§ **EXERCISE BRIEF**:
Please return each entry exactly as it appears, but not the pictures.

§ **DATA**:
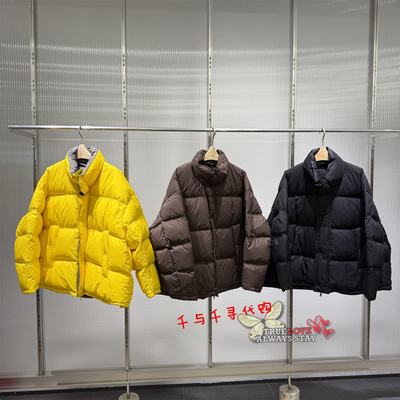 羽绒服5P0C14010保暖立领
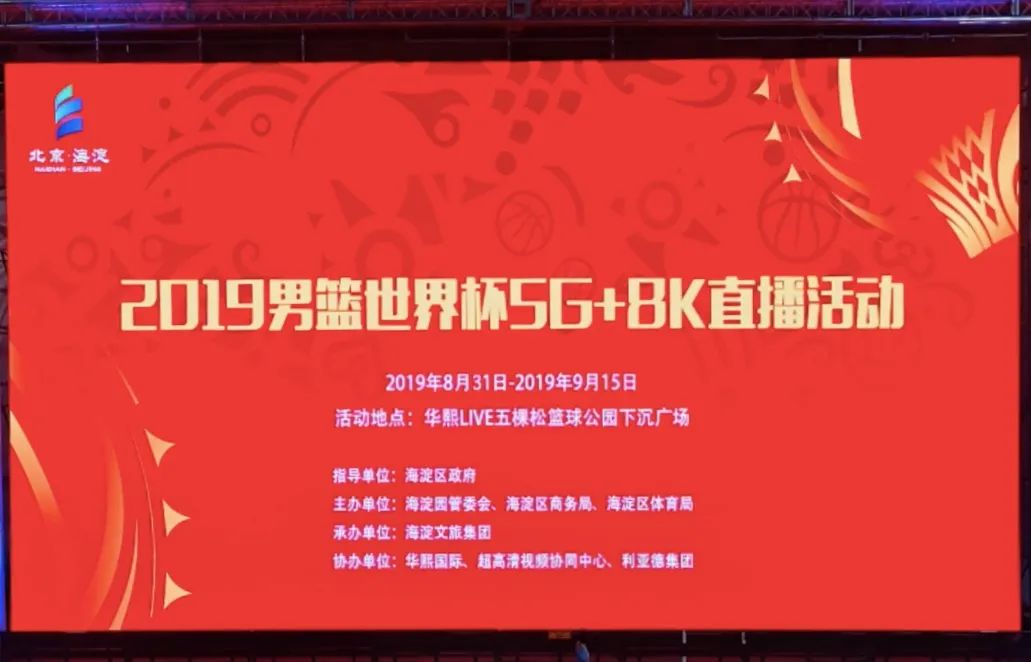 888电子(中国游)有限公司官网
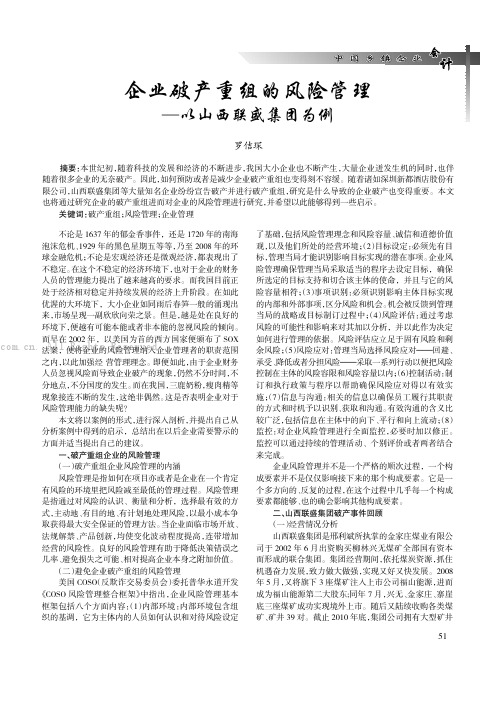 企业破产重组的风险管理——以山西联盛集团为例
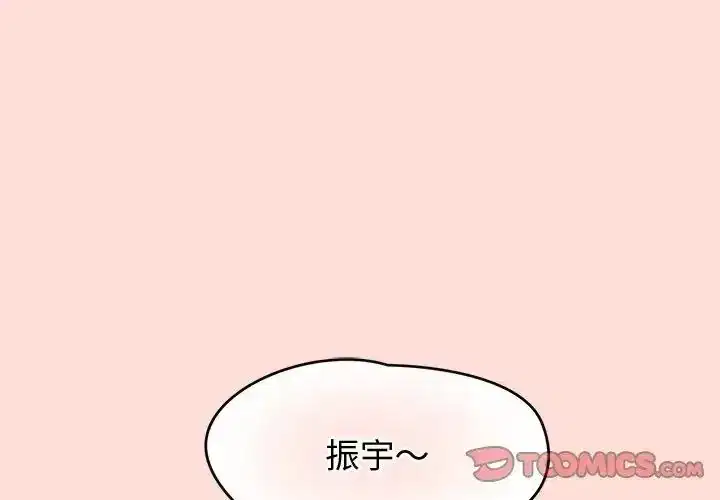 第46話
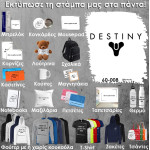 60-008 Τύπωσε το σχέδιο σε οποιοδήποτε προϊόν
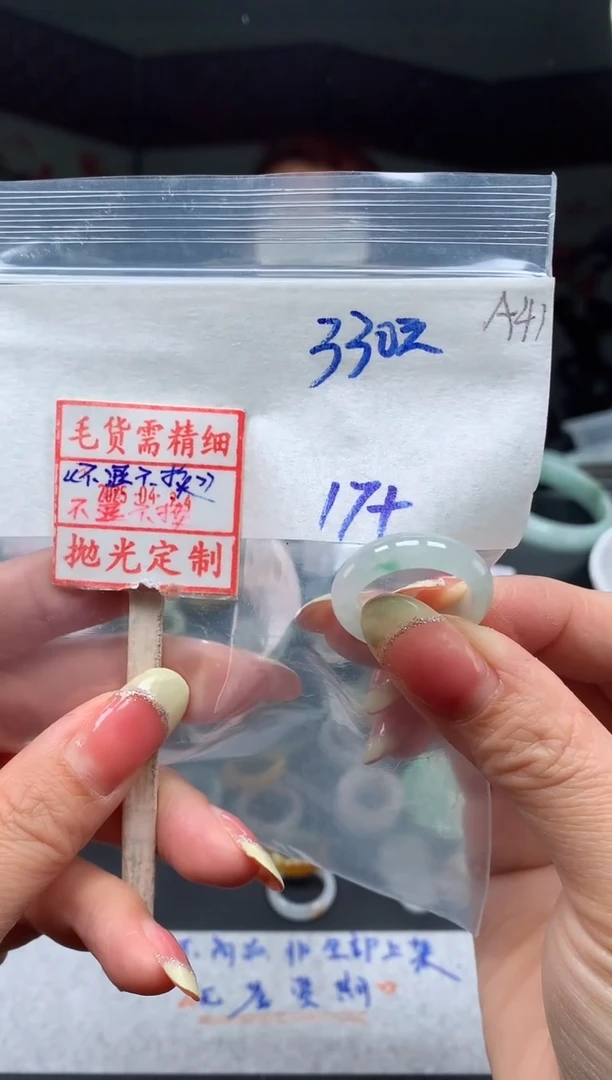 未镶嵌定制翡翠?***^17.# 戒圈330元毛货需精抛光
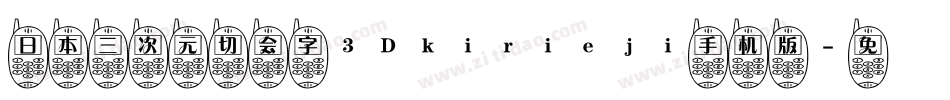 日本三次元切会字3Dkirieji手机版字体转换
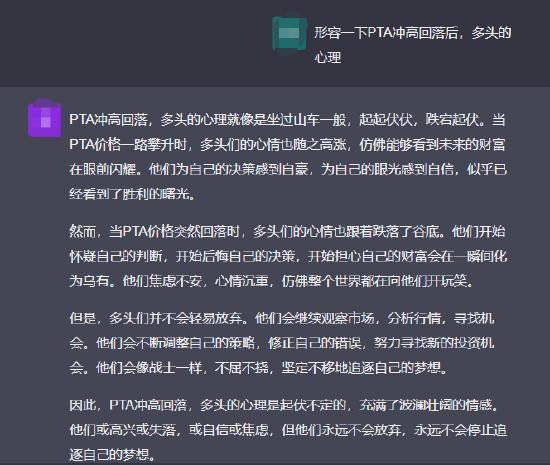 进击的PTA：多头“开心不过两分钟”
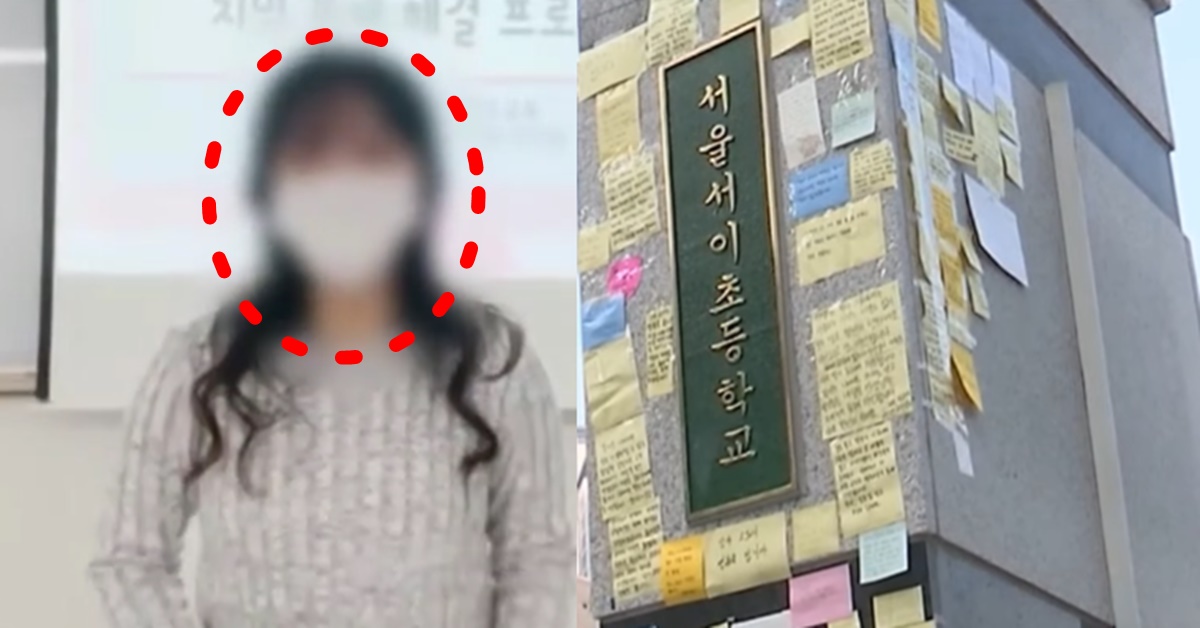 서이초 사망 여교사 박 선생님 생전 영상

§ **ANSWER AREA**:
 羽绒服5P0C14010保暖立领
 888电子(中国游)有限公司官网
 企业破产重组的风险管理——以山西联盛集团为例
 第46話
 60-008 Τύπωσε το σχέδιο σε οποιοδήποτε προϊόν
 未镶嵌定制翡翠?***^17.# 戒圈330元毛货需精抛光
 日本三次元切会字3Dkirieji手机版字体转换
 进击的PTA：多头“开心不过两分钟”
 서이초 사망 여교사 박 선생님 생전 영상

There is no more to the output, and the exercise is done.